Ajax innovation is also about the server!

By | August 1, 2006

I have a pet peeve about suggestions that all these exciting Web 2.0 innovations are solely realized within browser-resident Ajax/JavaScript code. For example, consider occasional inquiries regarding a desire to marry Zimbra’s sexy Ajax enduser and administrative UIs with, say, a more mature back-end messaging server. Obviously, one way to respond to such requests is to continue to prove out the Zimbra server’s fault tolerance, scalability, and performance. But I think such requests are more fundamentally misguided.


I haven’t, for example, heard similar calls for decoupling Flickr’s Ajax client from the Yahoo! data center, or for decoupling Microsoft OWA from Exchange. While those Web 2.0 technologies are not open source, they do showcase the fundamental interdependency, just as within Zimbra, between the Ajax client and the backing server.

Ajax applications, of course, tend not to maintain persistent state, and so any update operation typically has to touch the server (via an XML/SOAP request). Similarly, Ajax applications generally have access to more data than they can effectively cache in browser memory (such as your entire mailbox), so queries are also server bound. But more importantly, every Zimbra Ajax innovation has a server component that works in conjunction with the client code. Some innovations are more client centric: Zimlets, ALE, the administration of multiple domains, etc. However, for many of Zimbra’s “UI” innovations, the majority of the smarts are actually implemented on the server-side!: consider search, search builder, saved search, tagging, sharing, VoIP integration, RSS, conversation management, attachment indexing, attachment conversion, the administrative monitoring of Postfix queues, and so on.

Web 2.0 technology is most compelling precisely when the client and server-side code work seamlessly together, typically via fine-grained interactions (over open protocols). Decoupling client from server, then, is unlikely to preserve that experience, unless all of those server smarts are reproduced.
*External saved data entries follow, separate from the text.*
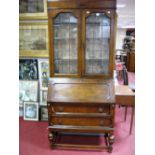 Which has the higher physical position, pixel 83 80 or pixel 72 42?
pixel 72 42

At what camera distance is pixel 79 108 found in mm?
2994

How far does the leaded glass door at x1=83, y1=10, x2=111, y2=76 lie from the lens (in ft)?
10.1

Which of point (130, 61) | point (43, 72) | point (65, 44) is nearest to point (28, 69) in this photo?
point (43, 72)

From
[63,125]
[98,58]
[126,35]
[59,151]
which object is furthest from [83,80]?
[126,35]

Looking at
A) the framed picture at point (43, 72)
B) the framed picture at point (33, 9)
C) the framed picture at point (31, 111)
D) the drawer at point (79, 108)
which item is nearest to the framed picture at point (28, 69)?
the framed picture at point (43, 72)

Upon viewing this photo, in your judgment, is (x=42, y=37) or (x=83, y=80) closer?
(x=83, y=80)

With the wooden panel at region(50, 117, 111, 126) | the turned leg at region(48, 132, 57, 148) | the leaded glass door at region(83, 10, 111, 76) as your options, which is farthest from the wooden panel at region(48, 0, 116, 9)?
the turned leg at region(48, 132, 57, 148)

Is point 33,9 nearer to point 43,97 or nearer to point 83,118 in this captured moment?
point 43,97

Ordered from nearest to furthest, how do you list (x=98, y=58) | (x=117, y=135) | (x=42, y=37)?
1. (x=98, y=58)
2. (x=117, y=135)
3. (x=42, y=37)

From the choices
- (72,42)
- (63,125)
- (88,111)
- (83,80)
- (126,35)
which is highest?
(126,35)

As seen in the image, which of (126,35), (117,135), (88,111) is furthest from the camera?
(126,35)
In the cases where the Zimbra client has been experimentally used with other servers (which, of course, our open source licensing provides for), it has generally been at the cost of all of the aforementioned innovations!

So while the Web 2.0 excitement will no doubt remain focused on the wizzy new functionality that can now be delivered to the end-user with Ajax, keep in mind that somewhere behind the scenes there are some savvy server programmers that are also making it happen, and if you want new innovative Web 2.0 UI, then you need new innovative Web 2.0 servers too.